** Work instruction **
Taking the entries below, transcribe only the lines starting with the one with "sensible thing to do." and going on through the one with "TPU we won't", exactly as written, without the pictures.

(Collected data entries)

>>

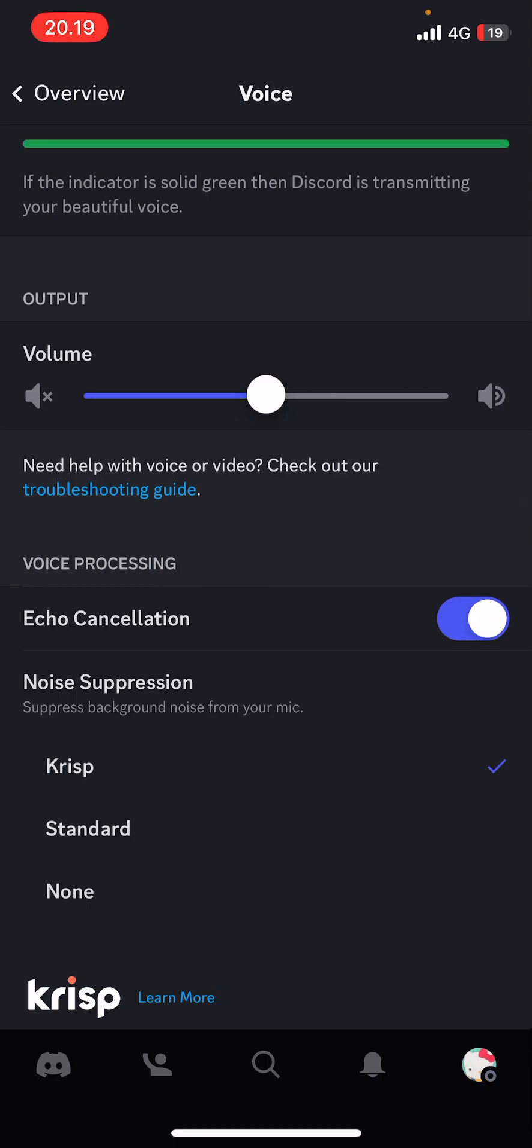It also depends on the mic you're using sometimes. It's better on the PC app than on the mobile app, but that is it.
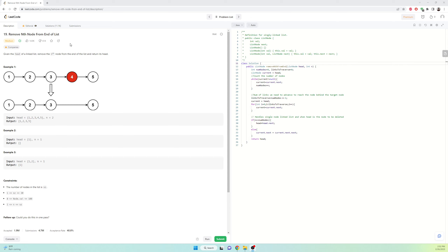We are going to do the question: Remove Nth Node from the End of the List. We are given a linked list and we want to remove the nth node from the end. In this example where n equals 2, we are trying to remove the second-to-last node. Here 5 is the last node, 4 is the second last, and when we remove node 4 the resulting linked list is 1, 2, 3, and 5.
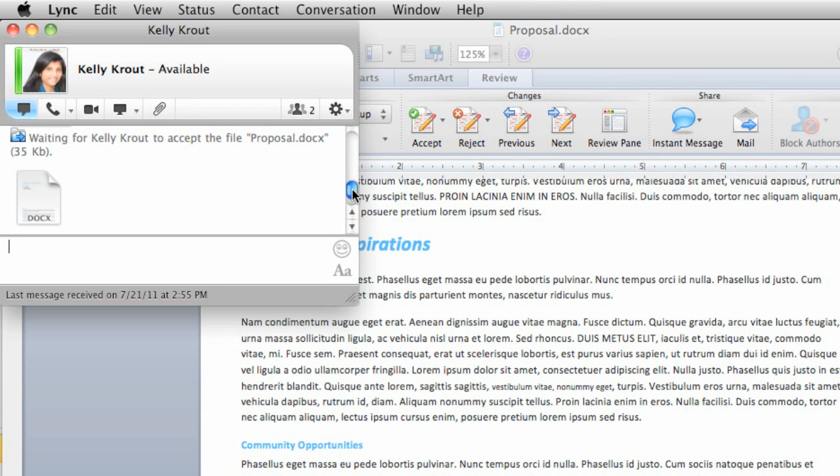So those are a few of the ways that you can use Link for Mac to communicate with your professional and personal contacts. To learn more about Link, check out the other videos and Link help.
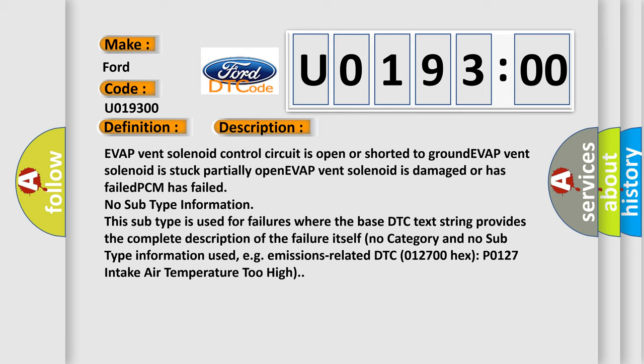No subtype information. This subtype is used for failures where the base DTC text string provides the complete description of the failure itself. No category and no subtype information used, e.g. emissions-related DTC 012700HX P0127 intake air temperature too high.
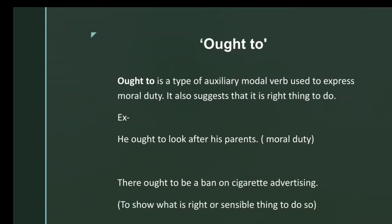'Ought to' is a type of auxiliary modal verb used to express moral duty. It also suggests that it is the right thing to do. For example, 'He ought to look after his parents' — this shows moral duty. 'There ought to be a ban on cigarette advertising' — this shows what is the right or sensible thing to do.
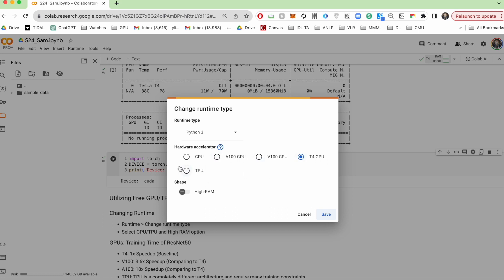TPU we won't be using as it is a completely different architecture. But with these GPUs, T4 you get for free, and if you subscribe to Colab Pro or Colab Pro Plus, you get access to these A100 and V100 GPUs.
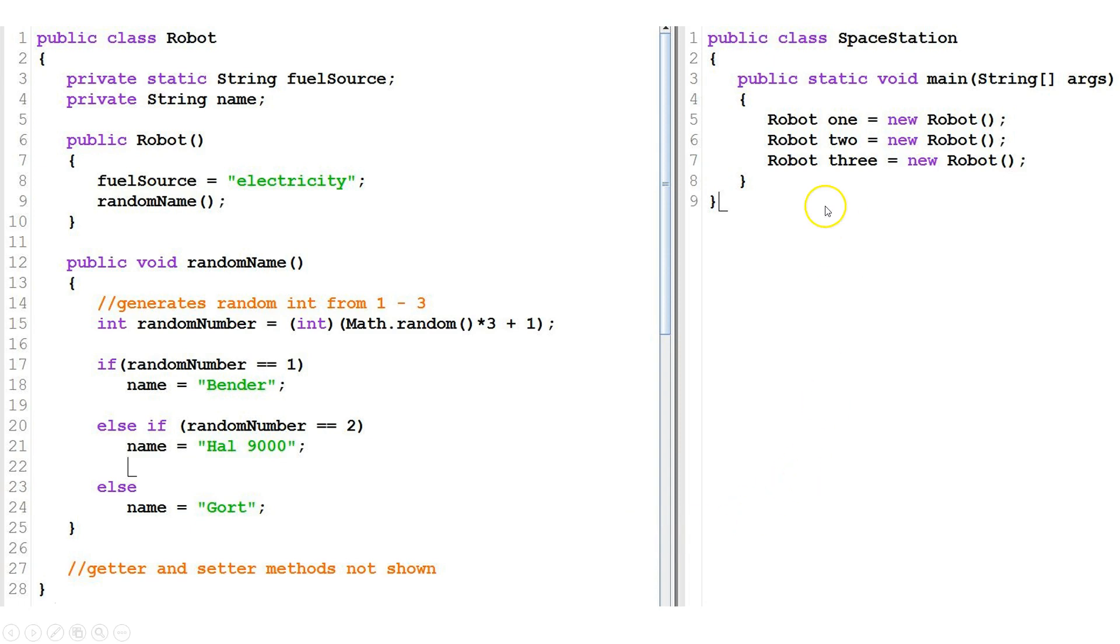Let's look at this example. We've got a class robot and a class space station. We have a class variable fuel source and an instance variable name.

<<

** Task answer **
'Ought to' is a type of auxiliary modal verb used to express moral duty. It also suggests that it is the right thing to do. For example, 'He ought to look after his parents' — this shows moral duty. 'There ought to be a ban on cigarette advertising' — this shows what is the right or sensible thing to do.
TPU we won't be using as it is a completely different architecture. But with these GPUs, T4 you get for free, and if you subscribe to Colab Pro or Colab Pro Plus, you get access to these A100 and V100 GPUs.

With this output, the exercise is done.